The Nets new #hellobrooklyn jerseys sold out quickly, but the NBA Store is not showing the Brooklyns any respect. if you go to the Nets page at the online store, you'll see a link for "New Arrivals". All that's offered are "Brooklyn Nets Floor Mats" with links to the product. The links are fake and go back to store's main page.

Some discipline is in order.

The Defector

Marivic Lardizabal was for five years a top aide at the Garden, rising to the role of manager, basketball adminstration and team travel, after being executive assistant to Donnie Walsh. Not long ago, she made the switch, leaving the Knicks for the Nets, where her title is Manager of Basketball Operations and Executive Assistant to Billy King. Oh, the stories she could tell.

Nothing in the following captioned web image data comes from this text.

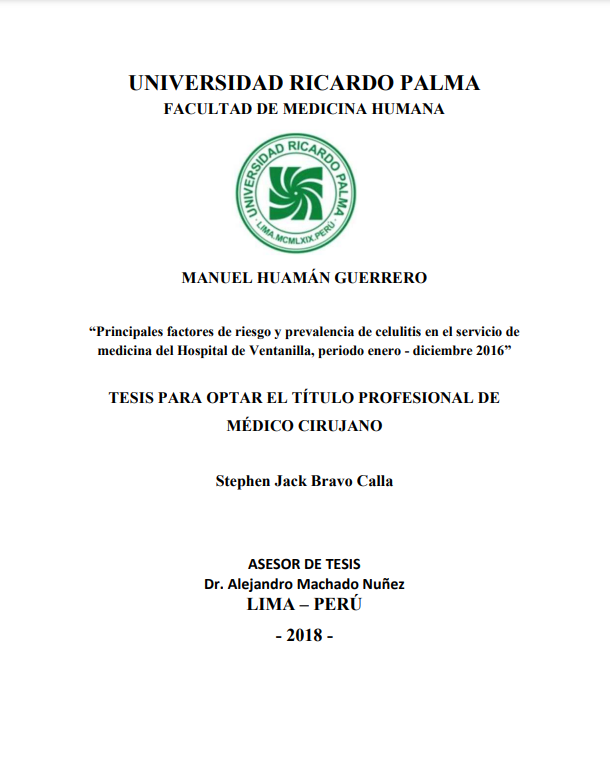 Principales factores de riesgo y prevalencia de celulitis en el servicio de medicina del Hospital de Ventanilla, periodo enero - diciembre 2016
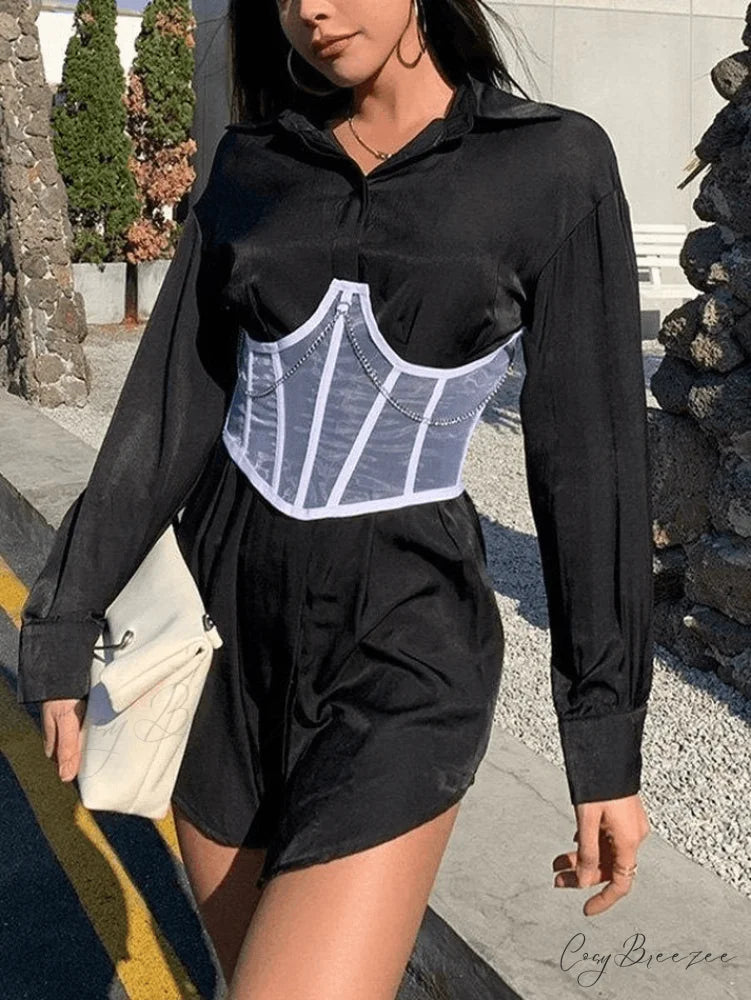 Chain Embellish Cross Trendy Over Cutout Mini Dress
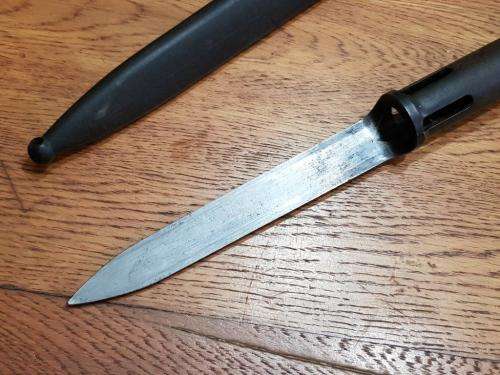 FN/R1 Bayonet with plastic scabbard. Union markings.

Final Note - What Could Wrong?

The default position among diehard Nets fans has been that Deron Williams won't stay, that Gerald Wallace is gone, the Nets won't keep their draft pick, that the Nets will walk into Barclays Center with no one and nothing.

It's possible, of course, but are things really that bad? Williams has said a lot of things, but in the last few weeks he has also said that there is a "possibility, a strong possibility" that he will stay with the Nets.

On Friday, he gave fans some hope when he spoke about his visit to Barclays Center. "It would be great to be a part of that first game (at the Barclays Center), that first team there, kind of start our own legacy in Brooklyn," Williams said. "So that’s definitely enticing. That’s definitely something I think about on a regular basis...:

"And I’ve always been confident in this organization. Even though I was opting out I always said that doesn’t mean I’m not re-signing with the Nets; and that still remains the same.’’

Williams also noted that he has sold his house outside San Diego and that his family likes living in New York, where he will stay, at least though free agency.

But beyond that, what pundits like to ignore is that Williams has a big financial incentive to stay., like $25 million. Most of that, of course, is in the fifth year, as it was for Dwight Howard before he signed an extension with the Magic. But Williams is not Howard. Williams is a person who doesn't like uncertainty, has a wife and four children (unlike Howard who has one but not the other). And does anyone think Howard has had second thoughts about changing his mind the morning of March 15?